In regards to how the Nationals played this season, what do you want first, the good news or the bad news? Mark Zuckerman has them both in his analysis of the Nationals season both on an individual and team level. We'll start with the good.
This year, most of the players on the roster, be they hitters or pitchers, had relatively productive seasons.
Looking up and down the Nationals' roster, I can objectively count 18 players who either had legitimately good seasons or at least exceeded what was expected of them back on Opening Day: Zimmerman, Dunn, Desmond, Morse, Willingham, Strasburg, Hernandez, Danny Espinosa, Wilson Ramos, Roger Bernadina, Drew Storen, Tyler Clippard, Sean Burnett, Joel Peralta, Doug Slaten, Collin Balester, Miguel Batista and Matt Capps (before he was traded in late-July).
Most of the players on the Nationals played better on an individual level than what would have been expected of them before the season began.
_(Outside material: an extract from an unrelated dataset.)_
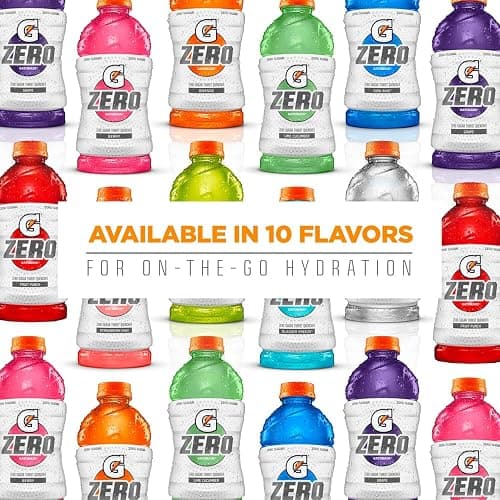 Gatorade G Zero Sports Drink, Glacier Freeze, Glacier Cherry, Berry Variety Pack, 12 Fl Oz (Pack of 18) thumbnail 6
Hooray! But the team still finished at 69-93, how could that be? Well that, we can chalk up to the bad news.
Their individual successes are unfortunately just that, individual successes. Few players on the team did the things that don't necessarily show up in the box score, but are a essential for a winning team.
Despite what you heard over the last few weeks from the GM and the manager and others, privately those men weren't happy with a lot of aspects of this team. They didn't like how many batters weren't good at working the count and working on improving their on-base percentage instead of swinging from their heels at every opportunity. They didn't like the unwillingness of some players to sacrifice themselves to move runners up or bring them home. They weren't happy with some guys on the bases. They definitely weren't satisfied with several players in the field.
With that information in hand how do we judge this season, and more importantly the state of the club moving forward? I'd vote promising.
The things the Nationals did well are the things that relied on their talent. Putting up numbers may not necessarily help you win, but it shows you have the tools to play at a major league level. It seems the things the Nationals failed to do are things that a team can teach, and that a player can improve on with more time in the Majors.
If the Nats can add the defense and the winning mentality the organization is suggesting they lacked last season to the offensive performances that exceeded expectations this year, they will be in position to be more competitive in the future.
So Mark, how do we get there?
If the Nationals don't re-sign Dunn, look for them to attempt to acquire a better defensive first baseman. Also look for them to make a real attempt to improve defensively in the outfield. And when Rizzo says his No. 1 priority this winter is to acquire a No. 1 starter for the rotation, take him at his word. He may not land Cliff Lee, but he's going to wind up acquiring someone who fits the mold of a staff ace more than anyone in the current group.
That would certainly be a good start.